Maureen Frank

PhD candidate Wildlife Biology

Utah State University


Maureen Frank is a PhD candidate in Wildlife Biology at Utah State University.  Her dissertation research investigates the effects of invertebrate availability on the ecology of migratory waterbirds that use Great Salt Lake as a stopover location.  Maureen received her B.S. degree in Wildlife and Fisheries Sciences from Texas A&M University.  Her professional interests include outreach, human-wildlife interactions, and avian ecology.

Title: Phalarope Reliance on Brine Flies and Concomitant use of Bioherm Habitat

11:40am - Wednesday, May 11th

Abstract: Wilson’s phalaropes (Phalaropus tricolor) and red-necked phalaropes (Phalaropus lobatus) use Great Salt Lake (GSL) as a staging area every year. GSL has long been known to provide critical resources for phalaropes, which stage on the lake in numbers representing a significant proportion of their total continental populations. We analyzed specific factors related to habitat use for both phalarope species. We also studied the types of prey consumed by phalaropes at GSL. We found that Wilson’s and red-necked phalaropes frequently use areas of the lake that are underlain by microbial bioherms. Additionally, we found that both species rely heavily on brine flies (Ephydridae) as prey. Phalaropes eat both larval and adult flies.

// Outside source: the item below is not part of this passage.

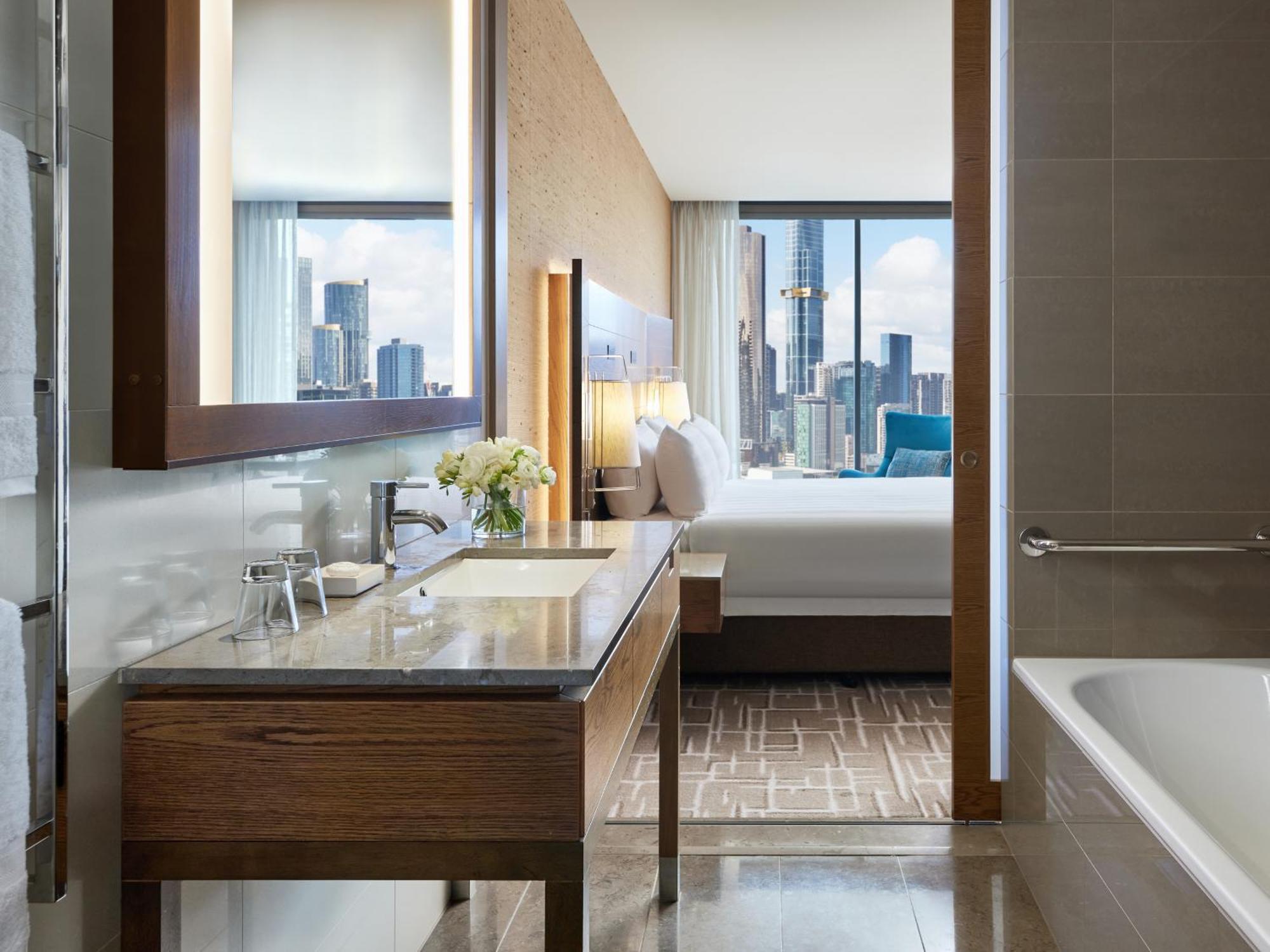 Pacific Zimmer mit Kingsize-Bett und Zugang zur Club Lounge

Areas of GSL that have microbial bioherm substrate are likely to have higher densities of both larval and adult flies and therefore serve as profitable foraging areas for phalaropes. In recent years, many bioherms have become exposed due to falling lake levels and therefore no longer support brine fly production. Microbial bioherms should be maintained as habitat for brine flies to support the successful staging of both phalarope species at GSL.